The bike lurches when just stomping down on the pedals. This indicates the stiffness. No energy seems to be wasted. A headwind seemed to have no effect on the bike. Crosswinds were noticeable, but not so much as to make the Venge hard to handle, even with the deep carbon wheels.
On the climbs, the light frame coupled with the mid-compact drive train made the bike a nimble steed. Mid range refers mostly to the chainrings in front. Standard for the pros is a 53-tooth big ring and 39-tooth inner ring with an 11-25 rear gear cluster. The compact set up is a 50-tooth big ring and 32-tooth inner ring. This is the serious climbing set up and usually comes with a 12-28 rear cluster. The mid-compact, as the name indicates, is somewhere in between. It comes with a 52-36 tooth setup in front and, for Shimano, 11-28 in the back. For McClure Pass, a category-two climb, this was plenty low.
At no time did I feel that I needed a break or that I needed a lower gear. In the little ring and 28-tooth cog, the bike floated along, even with my distinctly non-climber body on board. And even with the stiff front end in a race geometry, 73.5 degree head tube angle, it never felt twitchy as I bombed down the east side of the pass.
This is not a bike for everyone. It is stiff and the average rider might feel a bit beat up after long miles on it. You will notice the wind on this bike, as it is made to point into the wind.

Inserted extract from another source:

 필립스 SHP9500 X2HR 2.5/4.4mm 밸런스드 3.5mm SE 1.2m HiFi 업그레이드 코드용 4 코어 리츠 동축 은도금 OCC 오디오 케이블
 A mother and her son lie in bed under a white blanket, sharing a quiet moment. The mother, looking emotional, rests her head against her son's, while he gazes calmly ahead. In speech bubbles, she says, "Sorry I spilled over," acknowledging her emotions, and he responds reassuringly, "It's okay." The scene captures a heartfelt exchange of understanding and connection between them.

Crosswinds are interesting, but not scary. It is pricy, though there is on model at a lower price-point, the Expert Mid-Compact at $4,700. If you want something that is just plain fast, or need a bike for road-triathlon double-duty, the Venge would be a great choice.

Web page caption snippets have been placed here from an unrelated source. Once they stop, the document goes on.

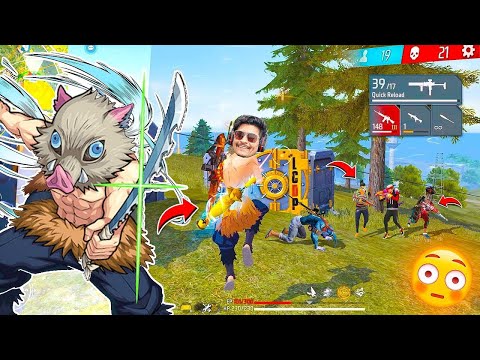 Suar Demon Slayer Bundle First Solo Vs Squad 19Kills 😱 Gameplay in Free Fire - Free Fire Max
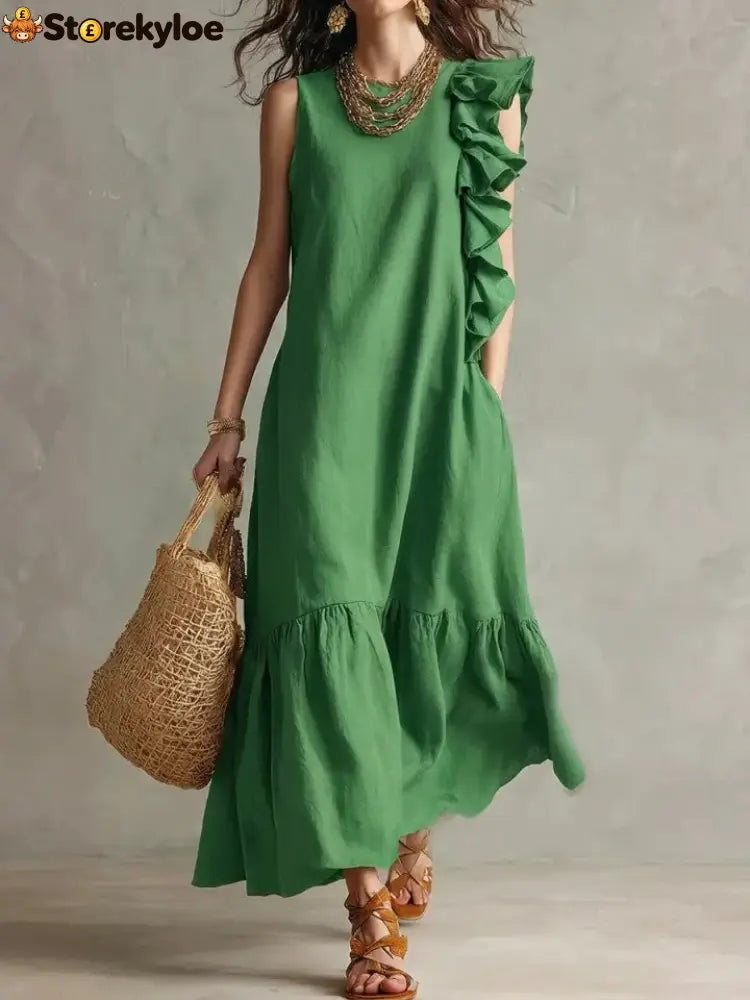 New Irregular Ruffled Sleeveless Women’S Dress - Green / S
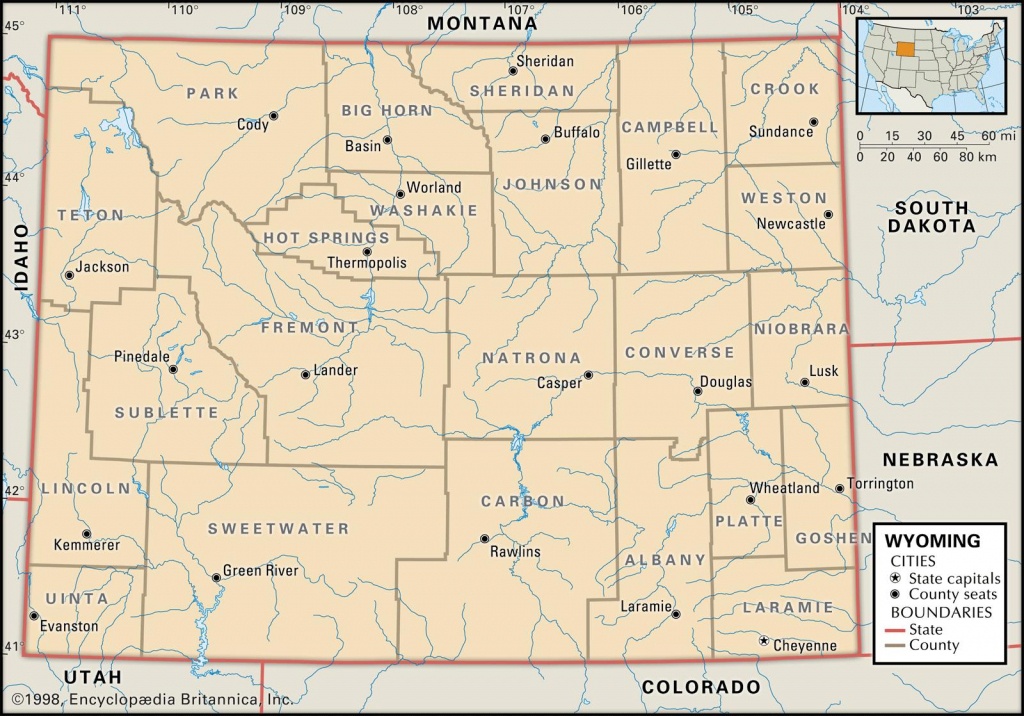 State And County Maps Of Wyoming - Wyoming State Map Printable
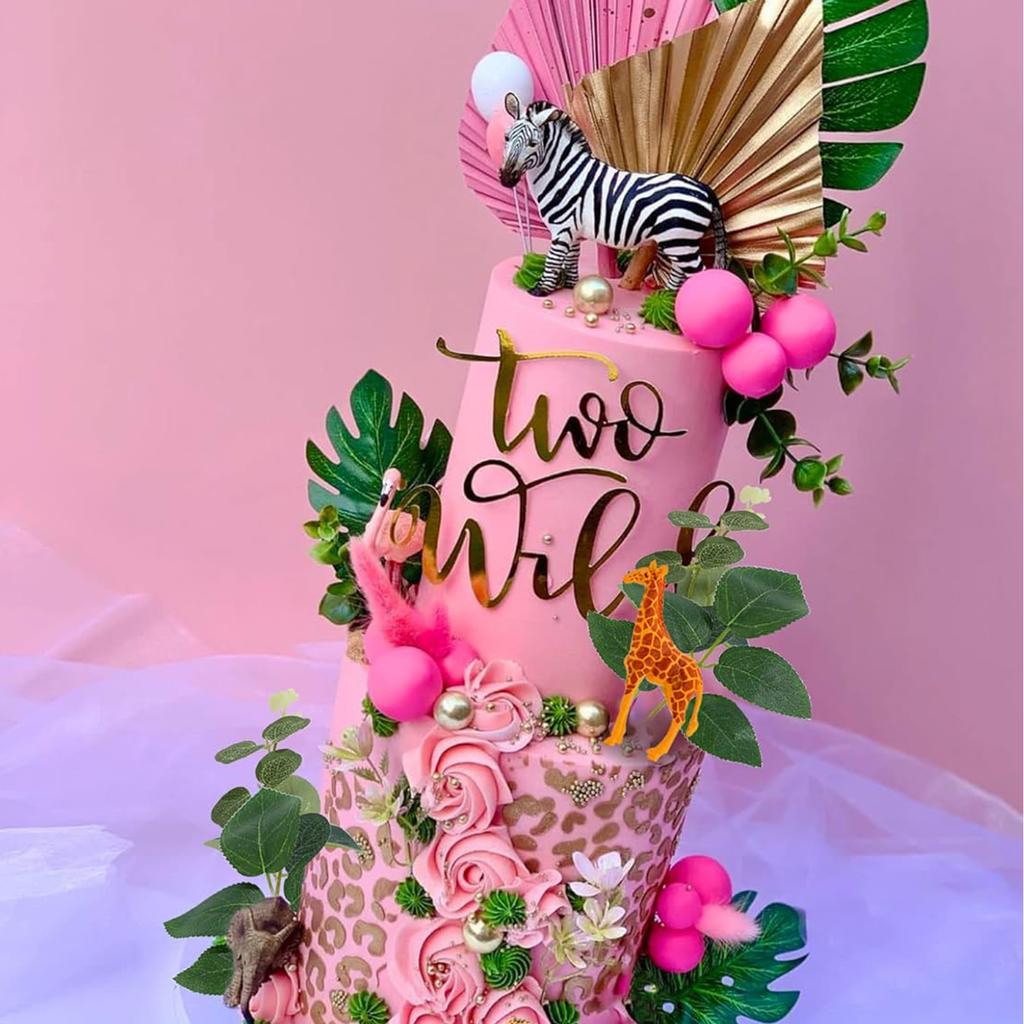 22pcs Pink Jungle Animals Cake Decoration Pink Wild Party Supplies Girl Jungle Safari Cake Decoration for Baby Shower Birthday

Two days after riding the Venge, I got to take out the S-Works Tarmac SL4. This is a race bike, plain and simple. The Tarmac was developed for the Pro Peloton and riders like Tom Boonen and Fabian Cancellara. It is stiff, it is light. It can sprint and it can climb.
I had it on the RTR’s longest day. If ever there were a torture test ride for a bike, this would be it. Day four of Ride the Rockies was 94 miles from Leadville over milled pavement on Fremont Pass, down a long, straight descent to Copper, over to Silverthorn by way of the winding Summit County bike path, along the well-paved HWY 9 to Ute Pass, over the pass’ rough and sometimes steep roads, down to broken pavement, dirt and sand and finally a steep final quarter-mile climb to Middle Park High School in Granby. The Tarmac rode like a champ.
The bike handled all road conditions well. While the Specialized Armadillo tires took a beating over the milled pavement, the bike itself never faltered. While the S-Works came with standard gearing, it was low enough, and light enough to be better than just sufficient over the six-mile, four-percent cat-2 Ute Pass. The Tarmac did not beat me to death on the dirt roads, it was not scary on the fast descents. I just pointed it where I wanted to go and the Tarmac went that way, quickly. Finally, after 93 and three-fourths miles, I still had enough energy to put in one last standing sprint up the 12-percent 100 yard climb to the school. The bike never felt noodly, never felt soft, even with my big ol’ self standing and sprinting. For eight grand, it better be perfect. It was.
Like the Venge, the Tarmac comes in much more reasonable setups. The S-Works SL4 comes with the Shimano Dura-Ace shifters, cassette and derailleurs, the S-Works cranks and chainrings and Roval Fusee SLX wheels and weighs just over 15 pounds. The much less expensive Tarmac Apex Mid Compact comes with the entry-level SRAM Apex group. 52-36 front rings and alloy crank, 11-28 rear cassette and DT Axis 2.0 wheelset. At 17 pounds, it’s heavier, but at about a quarter the price, $2,200, who cares. If you don’t plan to mix up some sprints or take a flier on Flagstaff Mountain with the aspiring Boulder pros, the Apex Mid will be all the bike you need.
Go try one yourself. See how it fits you. Don’t just take my word for it.